We have a 5 month old male Dobe who we adore, and we know that dogs will be dogs and thats why we have them and love their little ways and habits, however he has developed the habit of jumping up every time he is pleased to see you or when you enter a room or other people come to the house (a very common dog habit though I guess!!:D), but we feel may not really be appropriate behaviour - especially when he is fully grown and meeting an older person who may not be able to withstand his strength :D!!! 

We have had him since he was 8 weeks old and he has only really just started doing this since about a month ago.  A couple of months before this he just seemed to jump around on the spot in front of us - gazelle-like - rather than jumping up with his front paws on us.  When he started his "gazelle-like" jumping we simply ignored him by folding our arms and turning away from him to show it was undesirable, then praising when he stopped (trying to get the all important timing for rewarding right!).  However a few kilos heavier and a couple of months later and he seems to have learnt he can get himself nearer to us by jumping up and putting his front paws up on us.  We wondered if there is a good positive training technique we could use to stear him away from this habit in the best possible way that he will understand.  He is very food-orientated which makes training great, and he loves to please with doing his sit, stay and down etc for treats.  We take him to weekly puppy classes too and he is always excellent with his work there and frequently gets picked to demonstrate to new people in the class, so we know he will respond if we teach him the correct way.  Any help or tips with this one and dobes in particular?

Thanks in advance as always!

Mandy
- By Kerioak Date 07.05.04 12:57 UTC
Hi Mandy

I have some eight week old pups here and wondered when I have visitors why they jump all over them and don't do the same to me.

I think it is because when I first enter their area I ignore them - I am looking our for mess to clear up or putting down food or picking up bowls, bedding for washing etc.  As soon as I pay them any attention they recripriocate with great enthusiasm but if I ignore them, although they may be around my feet they don't jump up.

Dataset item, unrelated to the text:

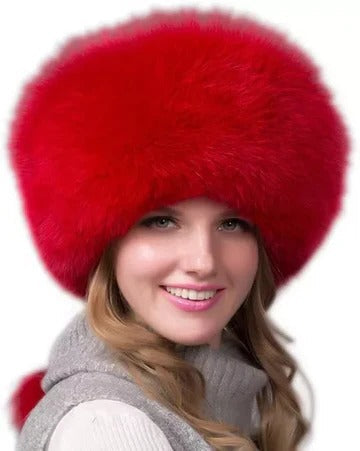 Cozy women's winter hat with integrated earmuffs, dense fur texture, full head coverage, cold-weather style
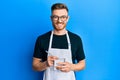 Young redhead man wearing waiter apron taking order smiling with a happy and cool smile on face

If you see your boy coming and he is going to jump up try to get a sit command in before he starts his bounce, if he has already started then step out of the way so he misses you and give a command.  You might also like to teach him to jump up on command only.  My girls know that if I hold out my arms in a sort of Russian Dancer's position they can jump up on them - this keeps me cleaner.  If I turn sideways or have my arms down they stay at floor level.  The more consistent you are the faster he will learn - and this is much easier to type than to do as I have it coming as I am keeping a pup!
- By Mandy Feuz [gb] Date 07.05.04 13:09 UTC
Hi Christine

Thanks very much for your reply.  It makes total sense as you say, to ignore him on entering the room, and we have tried this and it does work when you have already been in the house for a while and have got over the initial greeting then you can just come and go from room to room.  However, my partner gets home earlier from work than me and as he has our boy with him all day, when I come through the door to try and get to my partner first, I see this charging little dobe come towards me and its BAM! :D Then its like trying to get past a rugby tackle of jumping to get to the next room, trying my best to "ignore" him on the way!  So it doesn't seem to work when I get in initially as my boy is so pleased to see me he can't wait to jump on me (even though I don't show him any attention, he just gets to me too easily!).  I think your technique of giving a sit command could be very good to try.  I will also try to step out of his pathway and tell him to sit and then give him a treat when he does, so he can relate to the good behaviour and reward.  Also very interesting to read about training him to jump up on command, I think we will try this too.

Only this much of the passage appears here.